- The U.S. Copyright Office on Tuesday created an exemption to the Digital Millennium Copyright Act that says that people who alter the software on their cars aren't violating copyright law, NBC News reported.
- The new rule will protect security researchers looking for vulnerabilities in car software, as well as car owners that wish to modify auto software.
- The Alliance of Automakers objected to a similar move earlier this year.
The Electronic Frontier Foundation praised the Library of Congress (which oversees the U.S. Copyright Office) for acting to promote competition in the vehicle aftermarket and for protecting the “tradition of vehicle owners tinkering with their cars and tractors.”
"This 'access control' rule is supposed to protect against unlawful copying," said Kit Walsh, an Electronic Frontier Foundation staff attorney. "But as we've seen in the recent Volkswagen scandal — where VW was caught manipulating smog tests — it can be used instead to hide wrongdoing hidden in computer code."

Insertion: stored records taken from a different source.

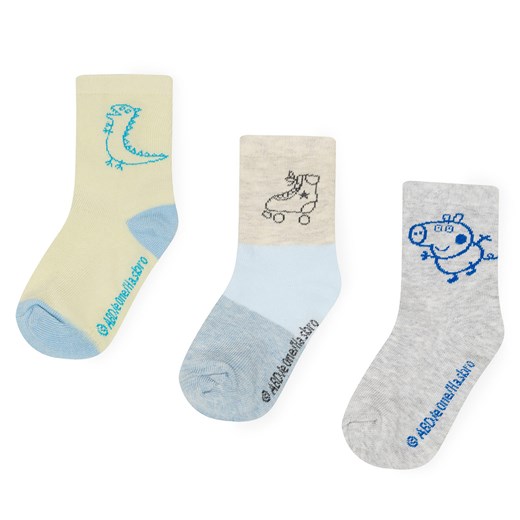 Zestaw 3 par wysokich skarpet dziecięcych Peppa Pig ACCS-SS24-234PP-A Niebieski Peppa Pig 30 eobuwie.pl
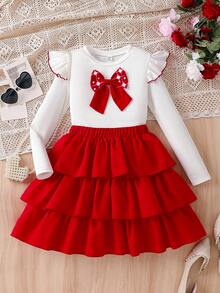 Elladie kids New European Style Round Neck Butterfly Sleeve Long Sleeve Set + A-Line Skirt With Bowknot And Ruffle Hem Top, 2 Piece Set - Red and White - View 4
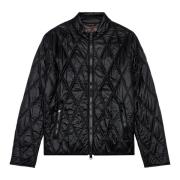 Mock-neck jacket in quilted nylon Diesel , Black , Heren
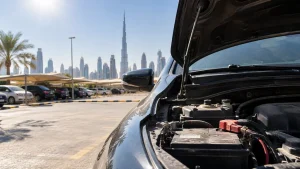 Car parked in extreme Dubai heat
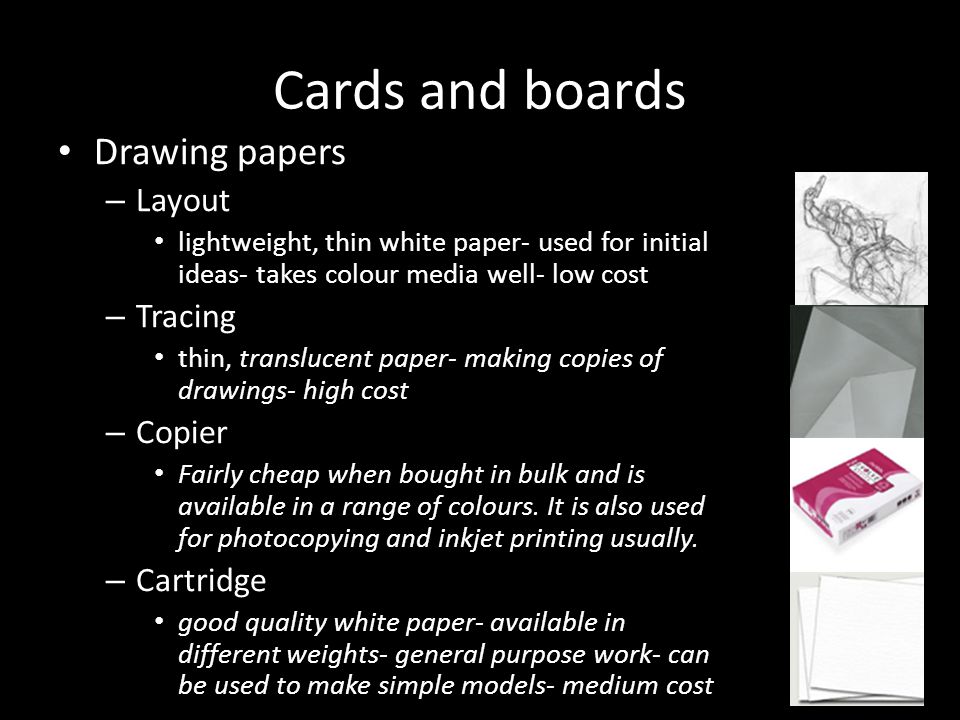 Cards and boards Drawing papers Layout Tracing Copier Cartridge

But the Alliance of Automakers, which includes BMW, General Motors, Toyota and others, disagrees.
"Many of the scores of electronic control systems embodied in today's motor vehicles are carefully calibrated to satisfy federal or state regulatory requirements with respect to vehicle safety, emissions control and fuel economy,” the group said.
The exemption doesn't go into effect until one year from now.
Software used in automobiles became a contentious issue earlier this year when a hacker was able to infiltrate the system used in a Jeep and control the car while it was being driven.